Ausgabe 3 - 1/2021 - Manuel Kaiser

Trigger – Kleiner Auslöser mit großer WirkungGenealogie einer Denkfigur der Wetter- und Klimabeeinflussung

1921 hielt Sir William Napier Shaw, einer der zentralen Akteure der britischen Meteorologie des frühen 20. Jahrhunderts, einen Vortrag vor der Aeronautical Society der Universität Cambridge zur „Künstliche[n] Kontrolle des Wetters“. Shaw sah die gezielte Beeinflussung atmosphärischer Phänomene äußerst kritisch – und zwar nicht, weil sie auf falsch verstandenen physikalischen Prozessen basieren würde, sondern weil sie im Vergleich zu den in der Atmosphäre wirkenden Energiemengen schlicht zu wenig bewirkte:

"Nach unserer Kenntnis beherrschen wir jedes einzelne Element der Atmosphäre, wenn wir es in unseren Labors […] untersuchen können; aber unter freiem Himmel haben die normalen, unvermeidlichen Gesetze, die das Verhalten der Atmosphäre kontrollieren [...] so enorme Energiemassen in Form von Wärme und Wasserdampf in Reserve, dass unsere eigenen kleinen Reserven keinen ernsthaften Einfluss auf den Lauf der Natur nehmen können."

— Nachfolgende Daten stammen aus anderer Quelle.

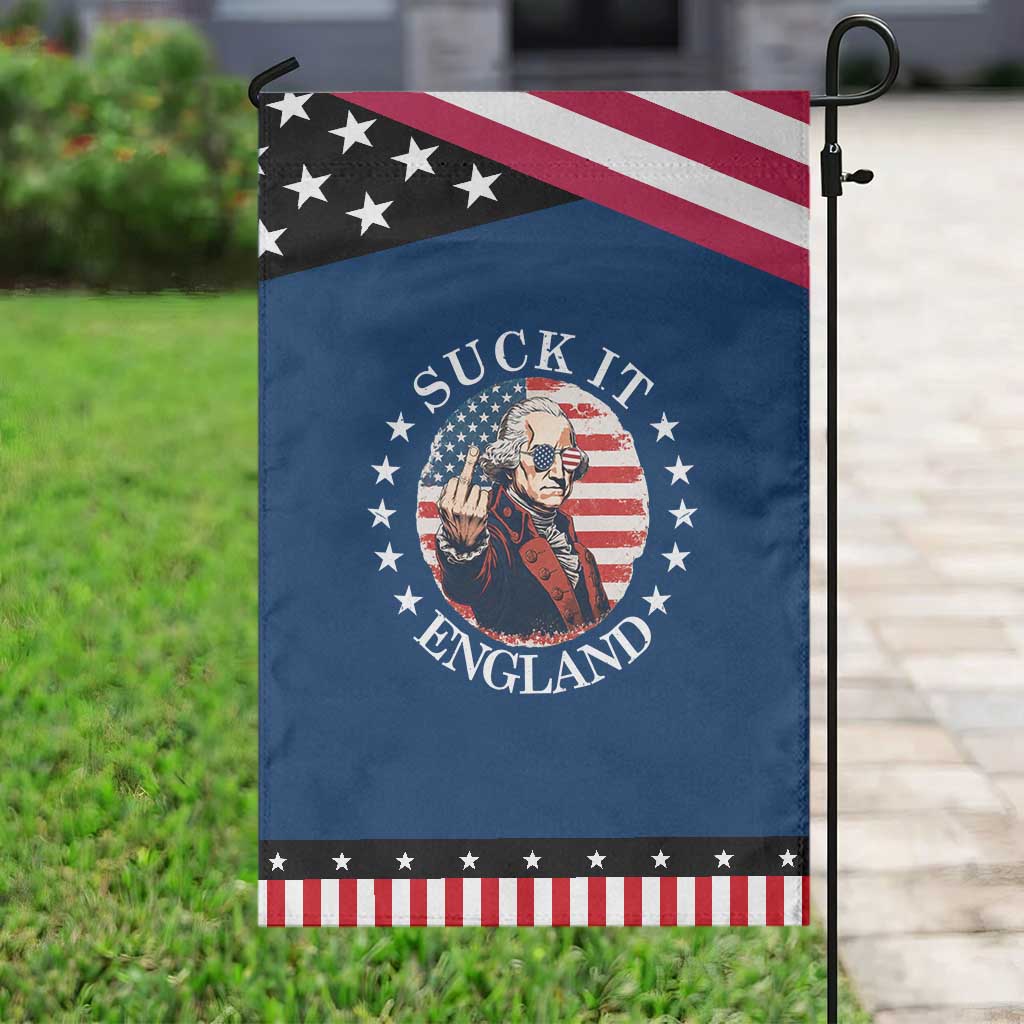 Funny George Washington Revolutionary War Patriotic Garden Flag Suck It England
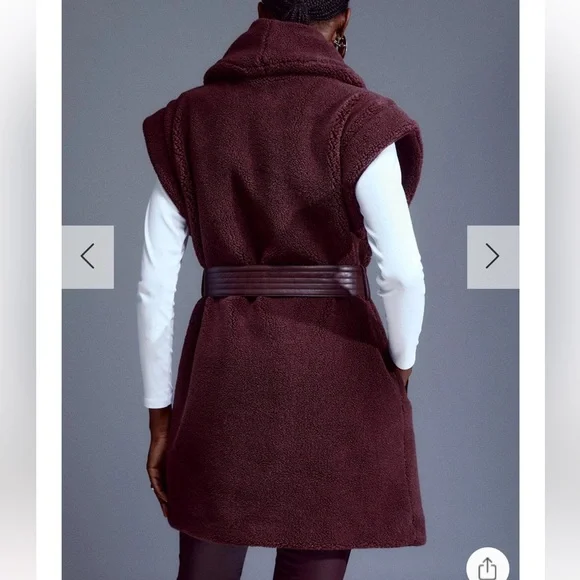 Karen Millen Deep Burgundy Teddy Sleeveless Belted Vest oversized 4 - Picture 2 of 12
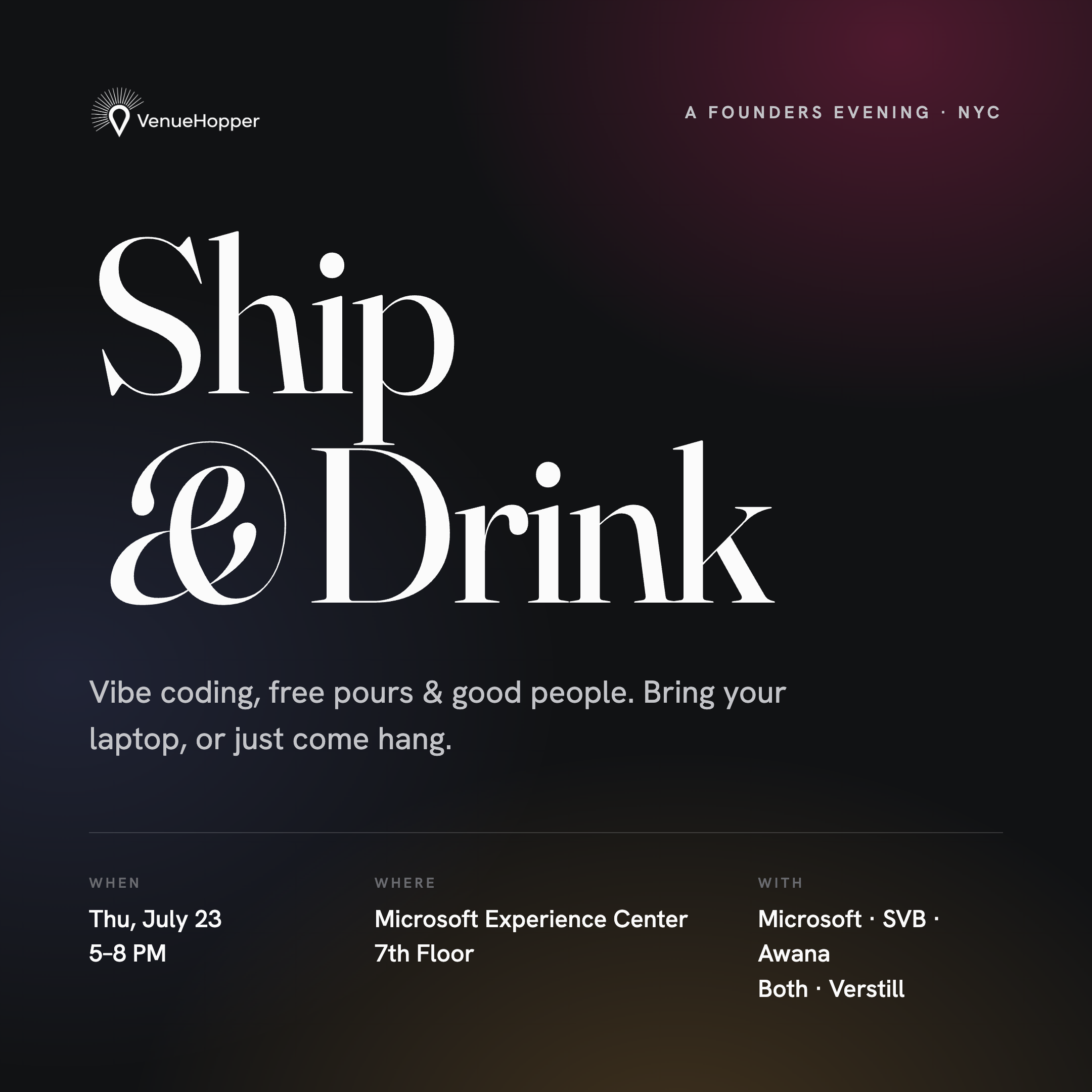Ship & Drink π₯ π» @Microsoft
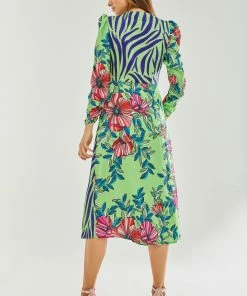 Liquorish Midi Dress in Floral and Animal Contrast Print with Waist Wrap Detail - Green -Liquorish Sales Store 1772f8d62ebd400e869351d2851e283b scaled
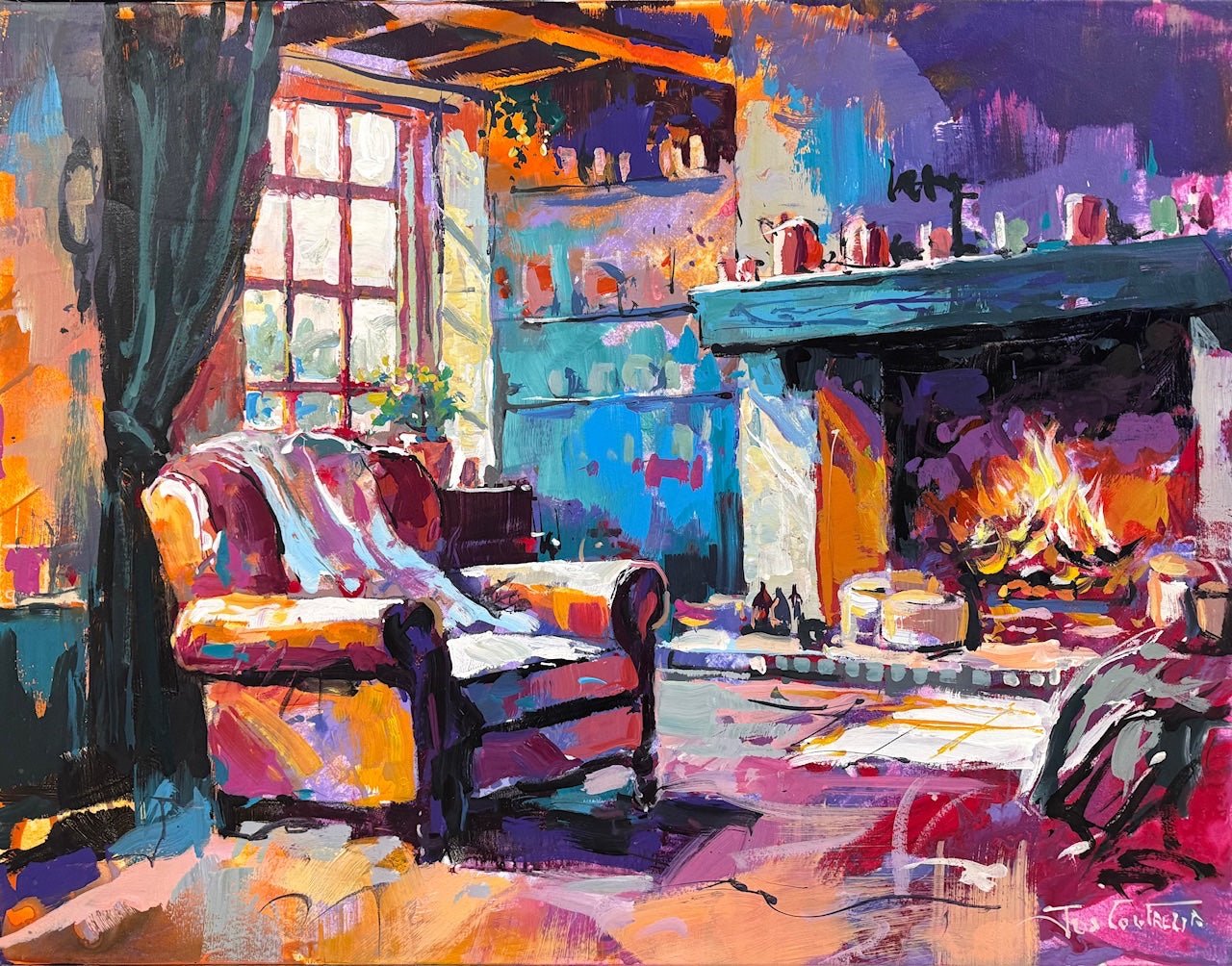 Interior - Fireside Glow - Gold Coast Gallery Of ArtJos Coufreur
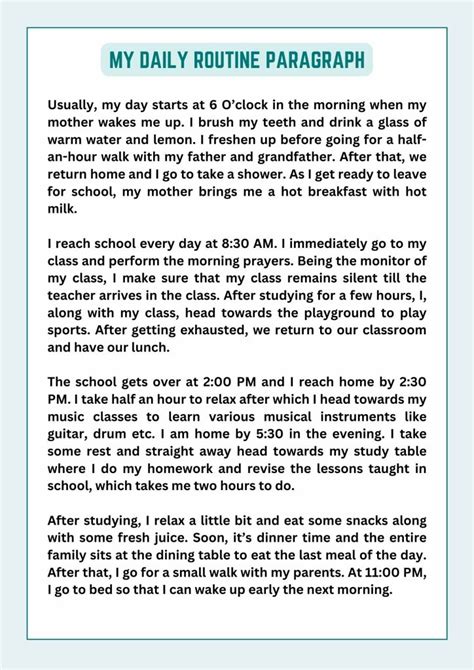 My Daily Routine Paragraph In Englishmy Daily Routine Essay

Shaws grundsätzlicher Einwand stand beispielhaft für den atmosphärenphysikalischen Konsens in der ersten Hälfte des 20. Jahrhunderts. Aus wissenschaftlicher Perspektive existierte keine praktikable Möglichkeit, die Beeinflussung von Wetter und Klima zu denken. Damit sich nach dem Zweiten Weltkrieg ein wissenschaftlich gestützter Wetter- und Klimamodifikationsdiskurs formieren konnte, musste – so die übergeordnete These dieses Beitrags – eine neue Denkfigur etabliert werden. Diese Denkfigur des Triggers – des kleinen Auslösers mit großer Wirkung – ließ die immensen natürlichen Kräfte in der Atmosphäre handhabbar erscheinen.